Return each line of the data below verbatim; pictures are to be left out.

-----

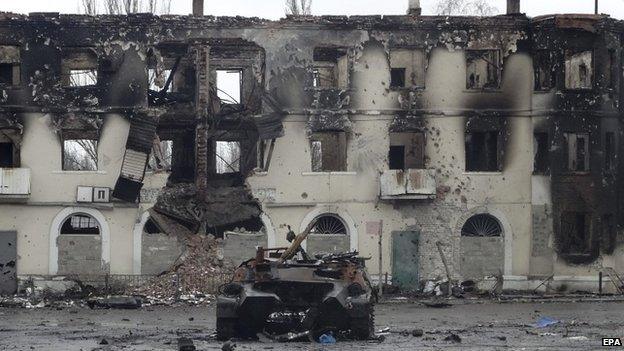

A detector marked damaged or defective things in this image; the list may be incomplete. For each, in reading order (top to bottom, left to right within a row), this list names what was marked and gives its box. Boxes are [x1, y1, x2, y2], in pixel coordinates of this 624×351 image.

broken window [0, 46, 20, 86]
broken window [62, 49, 99, 87]
broken window [217, 69, 241, 104]
broken window [314, 46, 348, 88]
broken window [388, 48, 426, 88]
broken window [466, 50, 500, 90]
broken window [532, 51, 552, 93]
broken window [564, 49, 592, 91]
broken window [63, 138, 98, 172]
broken window [149, 140, 173, 173]
broken window [217, 140, 241, 173]
broken window [310, 133, 346, 173]
broken window [390, 132, 424, 170]
broken window [466, 131, 500, 173]
broken window [532, 132, 548, 175]
broken window [564, 133, 588, 173]
damaged balcony [378, 168, 436, 201]
broken window [61, 214, 101, 236]
broken window [310, 214, 348, 236]
broken window [464, 213, 502, 238]
broken window [560, 212, 588, 256]
abandoned vehicle [217, 228, 372, 340]
burned armored personnel carrier [217, 224, 376, 342]
war-torn street [0, 300, 620, 351]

-----

* _WRITTEN SOLUTION_
A detector marked damaged or defective things in this image; the list may be incomplete. For each, in reading order (top to bottom, left to right within a row), this list names what was marked and gives its box. Boxes are [x1, y1, x2, y2], in pixel coordinates of this 624×351 image.

broken window [0, 46, 20, 86]
broken window [62, 49, 99, 87]
broken window [217, 69, 241, 104]
broken window [314, 46, 348, 88]
broken window [388, 48, 426, 88]
broken window [466, 50, 500, 90]
broken window [532, 51, 552, 93]
broken window [564, 49, 592, 91]
broken window [63, 138, 98, 172]
broken window [149, 140, 173, 173]
broken window [217, 140, 241, 173]
broken window [310, 133, 346, 173]
broken window [390, 132, 424, 170]
broken window [466, 131, 500, 173]
broken window [532, 132, 548, 175]
broken window [564, 133, 588, 173]
damaged balcony [378, 168, 436, 201]
broken window [61, 214, 101, 236]
broken window [310, 214, 348, 236]
broken window [464, 213, 502, 238]
broken window [560, 212, 588, 256]
abandoned vehicle [217, 228, 372, 340]
burned armored personnel carrier [217, 224, 376, 342]
war-torn street [0, 300, 620, 351]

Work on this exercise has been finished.